Des résultats en demi-teinte pour le blé dur
L’OFPM ne détaille pas autant les données des exploitations productrices de blé dur pour les pâtes que celles qui produisent du blé tendre, ce qui rend l’analyse moins complète. De plus, les chiffres utilisés par l’OFPM sont ceux de 2022 (voire 2023) en ce qui concerne la récolte, les prix et les marges, mais ceux de 2021 pour ce qui concerne les résultats des exploitations (détail du compte de résultat). Il manque donc des éléments pour réaliser une analyse précise de la campagne 2022.
Concernant le blé dur, les données de l’OFPM montrent une certaine hétérogénéité des situations individuelles des exploitations.
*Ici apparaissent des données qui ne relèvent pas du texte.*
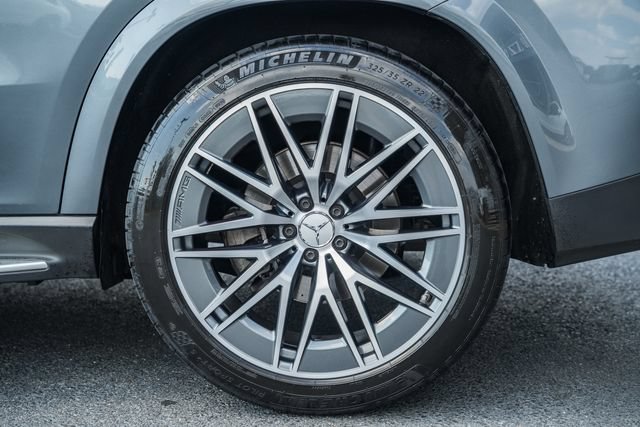 Certified 2024 Mercedes-Benz GLE 53 AMG 4MATIC Coupe image 20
Les moyennes pour la campagne 2022 n’ont sans doute jamais eu autant de variabilité, que ce soit au niveau des coûts de production comme des prix de vente. Le rapport souligne que les moyennes présentées masquent certaines situations individuelles qui ont été très difficiles, notamment pour des agriculteurs qui ont vendu leur blé tôt pour pas cher et qui ont acheté les engrais tard, pour très cher.
Toujours plus chère la baguette
Le prix de la matière première blé tendre (MPBT) augmente fortement en 2022 par rapport à 2021, passant de 0,29€/kg de baguette au détail (BAD) à 0,41€/kg de BAD. Il s’agit d’une augmentation presque deux fois supérieure à la période 2018-2020 et le niveau le plus haut jamais atteint depuis 2010. Cependant, en 2022, si la MPBT (en kilogrammes de baguette) est de 0.41 €, elle n’est que de 0.10 € par baguette de 250g. Avec un prix du blé maximum pour cette même année de 285 €/T (référence de l’OFPM), le prix payé aux producteurs par baguette n’est que de 5 ct €.
Au niveau de la meunerie, après un cycle de baisse de la marge brute amorcé en 2017, celle-ci augmente faiblement en 2022 (de 0,01€/kg de BAD). L’aval de la filière quant à lui poursuit sa progression en termes de marge brute mais de manière plus mesurée que les années précédentes (+0,02€/kg de BAD).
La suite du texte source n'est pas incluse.